I grew up in South Easton, Pennsylvania and attended Shull Junior High from September 1958 to June 1961. After the end of the high school varsity football season with the annual Thanksgiving Day game with our arch-rivals, Phillipsburg, N.J., There would usually be a dance in our gymnasium every Friday night over the winter.

Unlike today’s youth gatherings, where the dress code is non-existent, our dress code would allow us to wear only certain things. Boys had to wear a jacket and tie and the girls had to wear skirts or dresses. Girls weren’t allowed to wear slacks and they had to wear a complete set of underwear, unlike today where the girls seem to challenge each other to wear less and less and get away with it. Not that we boys would have minded that.

I usually had a problem with dressing exactly by the code, because my father’s work in the foundry at that time was not good and I didn’t always have a dress jacket I could wear. I was very self-conscious of this and felt that everyone was sniggering behind my back. In truth I don’t think they were, but at the time I thought I stuck out like I was wearing a big sign, something no teenager wants to do.

Times have sure changed pricewise too. We used to pay 10 cents to get in and sometimes I didn’t even have that and had to stay home. To get to the admission table outside the gym we had to walk back the entire length of the first floor hallway, which was dark and dreary even in the daytime because the modern era of using fluorescent lights to light the halls hadn’t yet been started, and the terrazzo floors and varnished woodwork did not reflect much light. IF it was wet out, the terrazzo near the door was like snot on a doorknob and we had to walk very carefully to keep from falling. It has been 44 years since I was in that hallway and I can close my eye and visualize it like it was yesterday.

We had to bring our own records and one of the older kids would play them on the PA system in the gym. I usually didn’t have too many records in those days, so I didn’t get to bring many. Exceptions to this were records I would buy from Bernie Caffrey, my father’s foreman in the foundry, who had a small jukebox business on the side. I would buy some of his takeoffs for 5 or 10 cents after they were on the boxes for a while. I wish I had some of them now, like Tommy Dorsey’s So Rare or Elvis’s Don’t Be Cruel. But we never saved things in those days.

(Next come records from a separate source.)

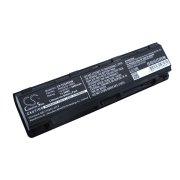 Laptop Akkus Toshiba Satellite C50-AST2NX2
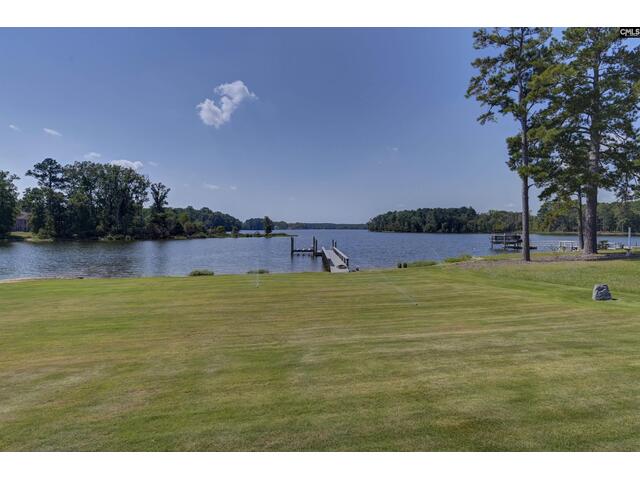 Photo of 1645 Hutto Island Drive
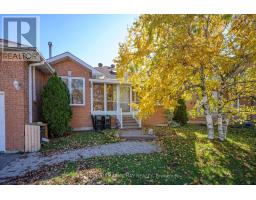 197 LIVINGSTONE STREET W, Barrie, Ontario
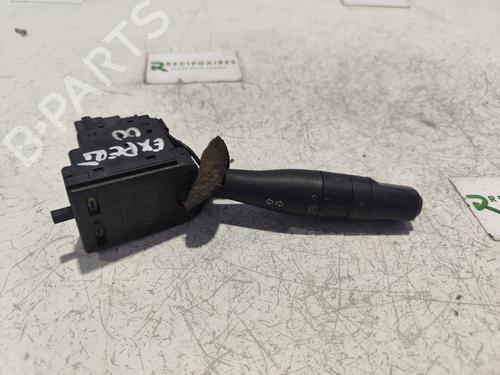 Forlygtekontakt PEUGEOT EXPERT (224_) [1995-2006]  31743101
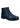 G-COMFRT Stiefel Herrenschuh in schwarz
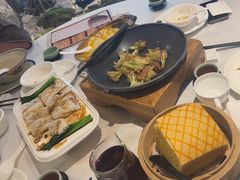 -珍之宝御品·寻味顺德(容桂渔人码头店)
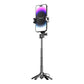 P15 MINI Grip Quadripod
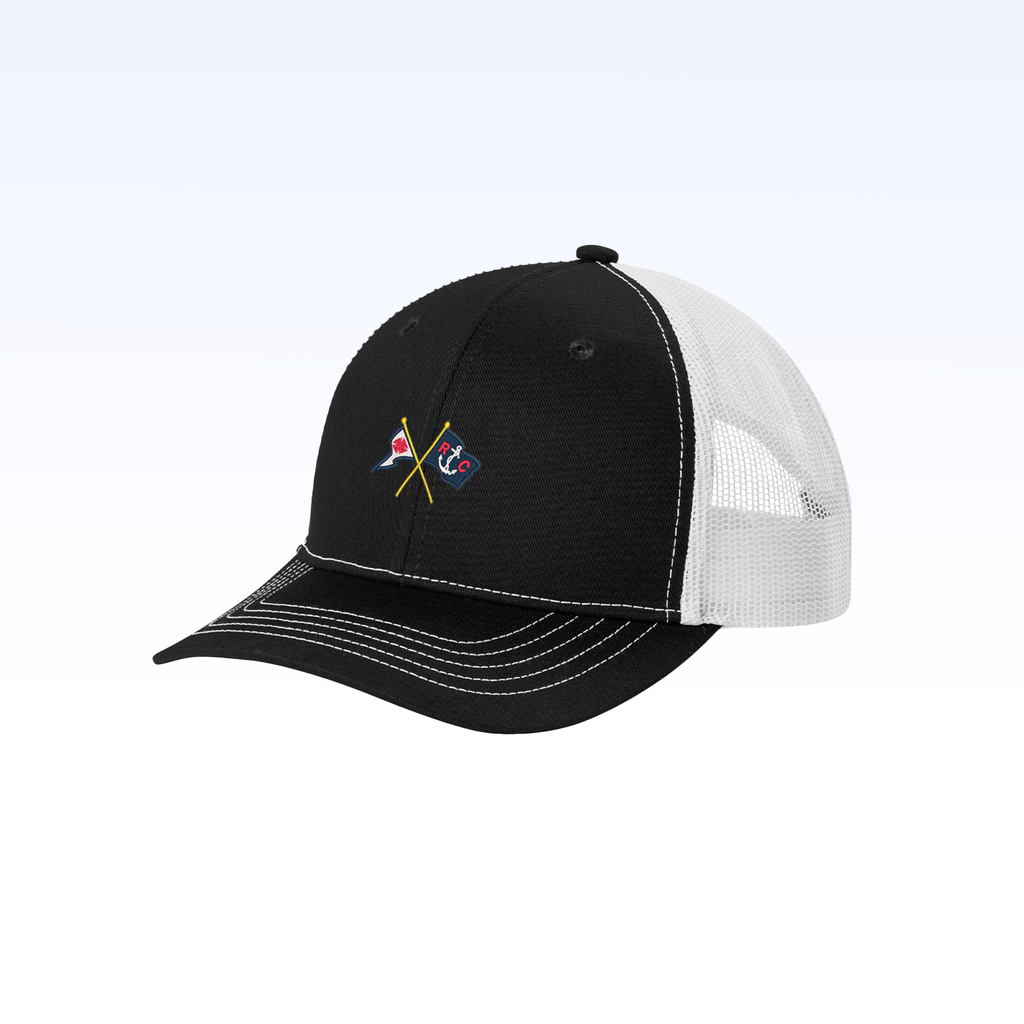 RYC_SM-YC112_BlackWhite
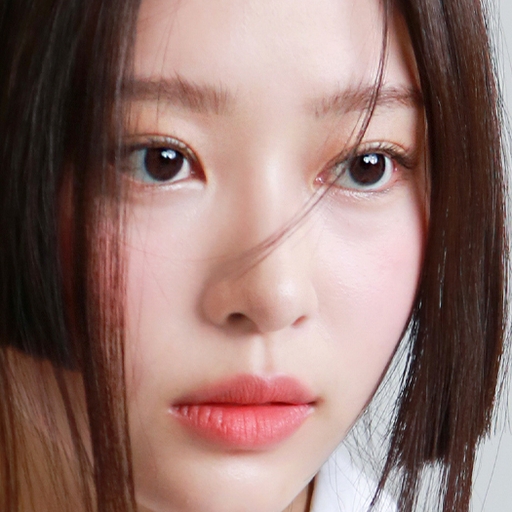 김민주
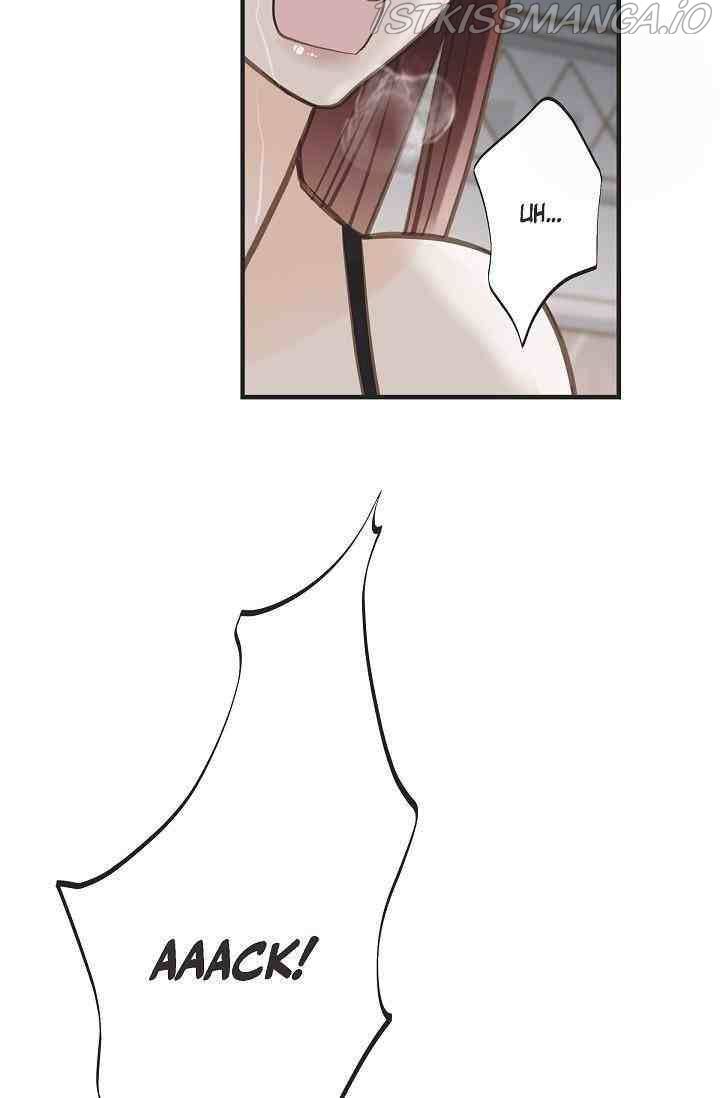 Survival Marriage Chapter 49 - Page 85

We would walk into the gymnasium and take our records, if we had any, into the gym teacher’s office, where the PA controls were located. One of the boys usually would select what got played and play them over the PA to 4 huge horn speakers that were placed at floor level in the corners of the gym. These were not speakers designed to reproduce the subtle nuances of music, but the blaring announcements of a basketball game, so the sound was terrible at best, but at least we could hear them.

Moving out onto the gym floor we would come face to face with the great unexplained phenomenon of the time, boys and girls who would gravitate to opposite sides of the gym and mingle only perfunctorily from time to time. Boys hardly ever danced with the girls, which left the girls to dance with each other. Of course the boys never danced with each other, but it always seemed to be acceptable for the girls to do that. I could never figure that one out. Even today if you watch the polka shows on TV you see many women dancing with other women. HHHHMMMMMMM.

There were a few boy/girl pairings at these dances, but generally we kept to ourselves. I took a fancy to Kathy French, who lived on Philadelphia Road. She had kind of a 1930’s look about her. I would imagine there were a few girls even at that age who were willing to put out or let themselves be groped, but most of us were good kids and that sort of thing just didn’t occur to us.

The PTA ran the snack table and Cokes were 10cents and most of what they had was as cheap. One friend's mother was usually working the table. She missed a few weeks when her husband got busted as the projectionist showing porno movies at his club. Today it wouldn’t raise an eyebrow, but 44 years ago it was a big deal.